Though the tools we hold may seem fragile against the onslaught of violence and genocide, we strive to create a space for resilience, art, literature, and imagination that resists and grants meaning to life in this abyss. As Jean-François Lyotard once said: “In the face of grand narratives, small stories emerge to reshape reality.” This is why we believe that creativity is our way of countering the violence of monolithic narratives – those that seek to suppress diversity and impose their versions of truth on everyone.
In an increasingly narrow and hostile world, art becomes a space for breathing, for life. And amid a reality that seems to be redrawing maps through wars, we resist by invoking the power of imagination – the last refuge of truth in an age where simulation has overtaken reality.

Yet as we resist, we realize that the challenges we face do not stem solely from wars or oppression but also from the profound transformations the world is undergoing in a post-capitalist and digital age. Here, knowledge and imagination are replaced by an abundance of superficial information, and humans become instant consumers of the very information they produce. In this context, imagination itself – the essence of creativity – is threatened with extinction. These rapid social transformations, in turn, have also diminished our appreciation for meaningful language. Writers are no longer just creators; they have become promoters, sellers, and employees for their audiences. We are witnessing a “commodification of the self,” where creativity is reduced to just another product in the marketplace.

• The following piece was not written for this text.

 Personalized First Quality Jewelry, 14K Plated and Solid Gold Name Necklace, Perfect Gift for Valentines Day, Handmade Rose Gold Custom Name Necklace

In the face of such a reality, insisting on crafting beauty becomes itself a form of resistance. This is why our friends at Ettijahat – Independent Culture strive to offer new tools for creativity, in an attempt to resist the surrounding mediocrity by creating alternative spaces – a “refuge for shaping the future,” if you will, where thought and dialogue can thrive. They seek to reclaim the power of imagination as a means to understand and transform the world. What they do is more than merely create a workspace; they cultivate fertile soil for nurturing small dreams, enabling young men and women to invent new art forms that reflect their realities and resist exclusion. Their work includes documenting the truth and presenting through art, whether novels, films, paintings, or academic research. These small projects are not only acts of resistance against marginalization but also seeds of hope we plant to reap a different tomorrow.

This brings to mind a long conversation I once had with a friend in Syria, who was imprisoned in the 1980s and endured years of brutality and violence while in detention. I told her, “You are the ones who deserve the credit, we are indebted to you.” Back then, when our generation was still in its youth, we heard of those brave people who dared to say “No,” standing alone against tyranny. She humbly replied, “No one deserves credit; we simply carry these burdens and pass them along.” But I insist on saying that the voices of resistance, those who refused to surrender, those who said “No” in an age of submission – those are the voices that make us believe this is not the end. We are rediscovering ourselves thanks to these human chains that stretch across generations, connecting us to those who preceded us and to those who will follow. They enable us to create narratives that resist, to tell the world, “This is not the end.”

Why not…
We have enough willpower and strength to push through, despite our wounds and our incessant bleeding, and to march on towards hope.